Attribution is a big topic and will become increasingly challenging as we can't track and tie together the full user journey. Identifying a source of truth is essential to establish consistency and a reliable, shared method to measure performance.
For some people, this is Google Analytics. For others, it’s their CRM. Once you’ve got a source of truth, ensure tracking is as best it can be. You’ll need accurate UTMs and cookies that are allowed to best attribute conversions within your source of truth.
Another key area to dive into is testing. You’ll want to understand the impact and correlation analysis. For example, “What’s the impact on conversions as you increase spend on display ads?”
How does this impact analytics tools like Google Analytics?
Google Analytics relies on first-party cookies for tracking and attribution, which won't be affected by sunsetting third-party cookies. But in GA, any cross-browser tracking or cross-device tracking can be misattributed (e.g., clicked an ad to the in-app browser and converted from Google Search on Chrome).

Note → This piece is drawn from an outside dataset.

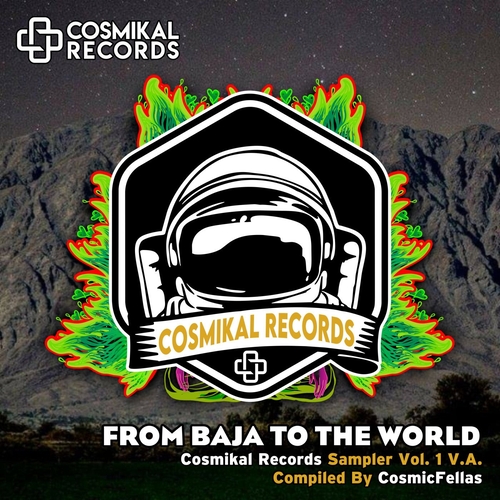 VA - From Baja To The World, Compiled By CosmicFellas Various Artists [CRSAMPLER001]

As web analytics is less affected, you need to ensure you’re packing as much first-party data as possible into your UTMs. Make sure your UTM data is clean. And ensure you’re packing information about your campaigns down to the ad level to help view and analyze performance in Google Analytics.
The likely main impact on Google Analytics won’t be due to 3rd-party cookie blocking, but an overall increase “in any cookie” and script blocking can be expected from major browsers and add ons.
As for how it works with your Google Ads attribution, Google Ads does integrate natively with GA. Meaning, the attribution for Google Ads campaigns doesn't rely solely on the 1st-party cookies and is more "aggressive" than other platforms. Consequently, more attribution credit is given to Google Ads than other marketing channels.
If you'd like to learn more, read here.
Is there any way to still understand my user journeys?
Understanding user journeys is already becoming increasingly challenging, especially the longer the journey is. The reason for this is cookies can expire or be removed after a certain amount of time.
The alternative to a full breakdown of user journeys here is mathematical modeling or correlational analysis.
Modeling involves taking what information we do know and using this to predict behavior where we don't have tracking. Google and Facebook are already working on this solution.
For marketers wanting to understand the impact of different channels on the final conversion, consider trying correlation analysis. For example, looking at how conversions were impacted when you increased spend in a specific channel.
How should I prepare for the death of third-party cookies?
Continue to build strong relationships with your customers from the data you own.
Find out what first-party data you’re collecting today and what information you’ll need to strengthen customer relations.
Ensure the data you collect benefits your customer, that you’ve got active consent, and that you safeguard their data and privacy.
Leverage first-party data to create personalized and highly targeted customer experiences. For example, welcome a customer to your website, give them recommended products and services based on their shown interest, and send them a cart abandonment reminder, etc.